The Assurance Of Things Hoped For

Anselm made Archbishop of Canterbury

Anselm made Archbishop of Canterbury

Some while ago I had a discussion on a Facebook site that brings Christians and atheists together. The question came up at once about how foolish it is for Christians to depend on faith instead of reason.

No, no, several of us responded. We aren’t choosing faith over reason. Our reason leads us to faith. Impossible, these atheists answered. Finally we backed up a step and defined our terms. It soon became clear: to the atheists in the discussion, faith was limited to blind belief, more nearly tied to what I call wishful thinking.

A light went on. No wonder those atheists were dismissive of Christians.

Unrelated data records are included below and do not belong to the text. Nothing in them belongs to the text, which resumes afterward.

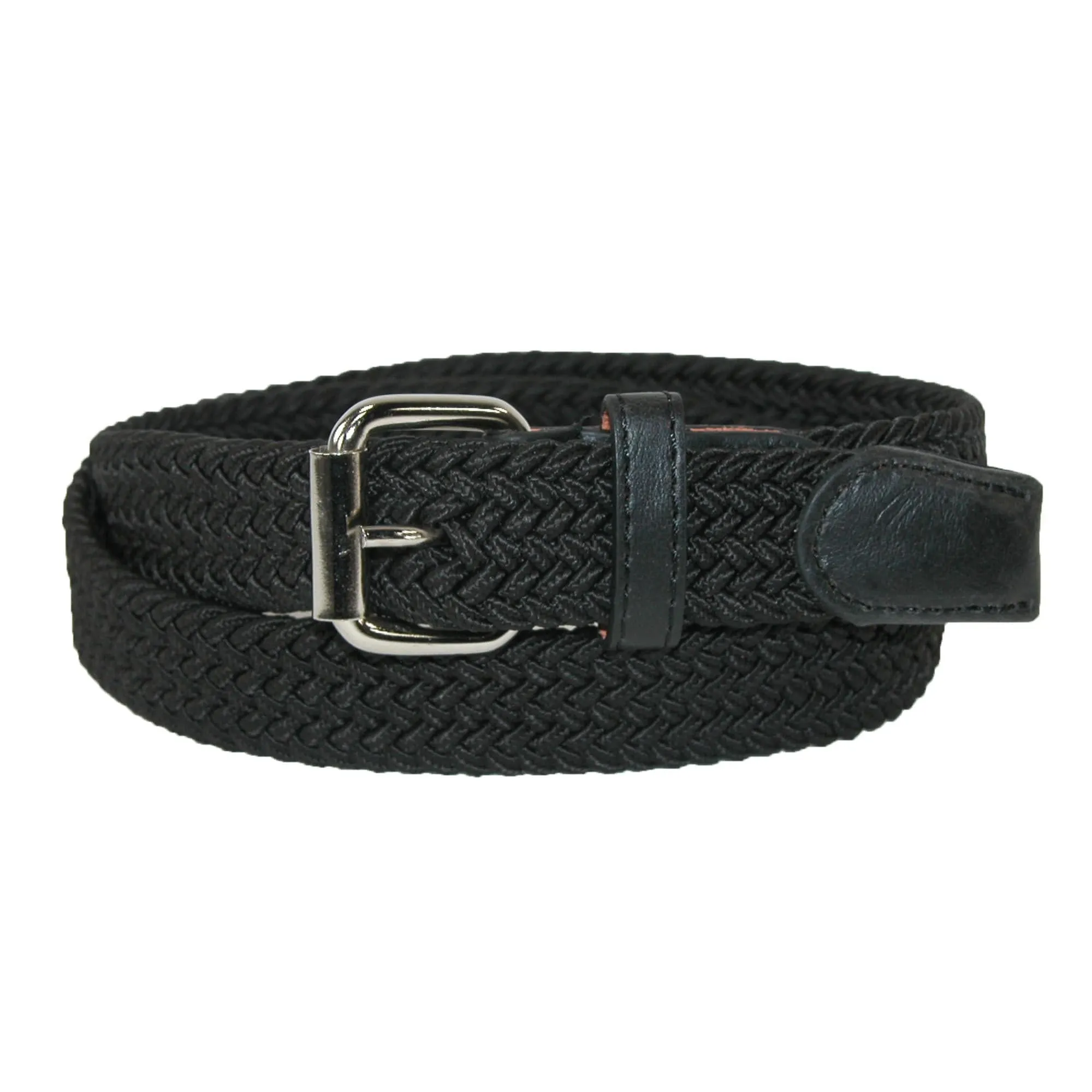 CTM® Kids' Elastic Braided Stretch Belt (Pack of 2 Colors)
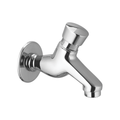 Auto Closing Bib Cock With Wall Flange
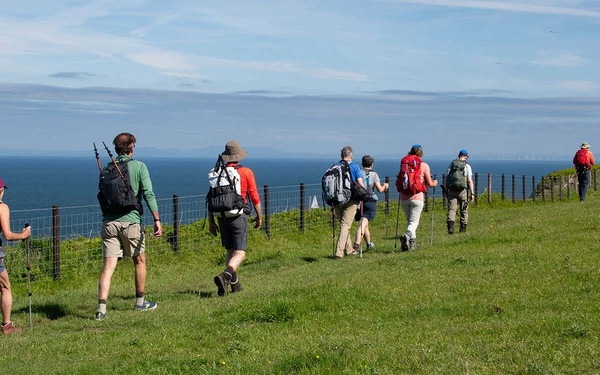 Striding out along St Bees Head
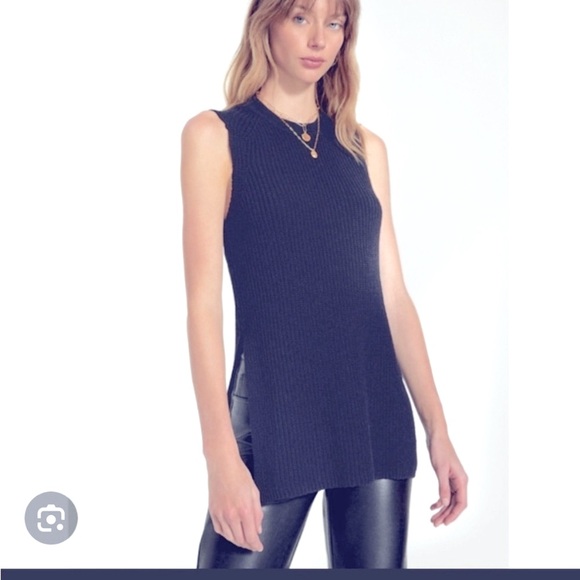 Aritzia Wilfred Palmier Black Sleeveless Tunic - Picture 2 of 3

Who wouldn’t question someone who knows something isn’t so (or who has no evidence that it is) but who wants it to be true and therefore simply declares it into existence?

To the atheists in that discussion, there was no other meaning to the idea of faith.

And yet, the Bible gives an entirely different view of the issue. Hebrews 12:1 basically defines faith for us: “Now faith is the assurance of things hoped for, the conviction of things not seen.”

I think the last part of the definition is actually the strongest because conviction pushes the matter beyond just wanting it to be true. There’s a convincing element to the word. After all, we convict criminals—we make a strong and convinced statement about a person’s guilt, not based on wishful thinking, but on evidence.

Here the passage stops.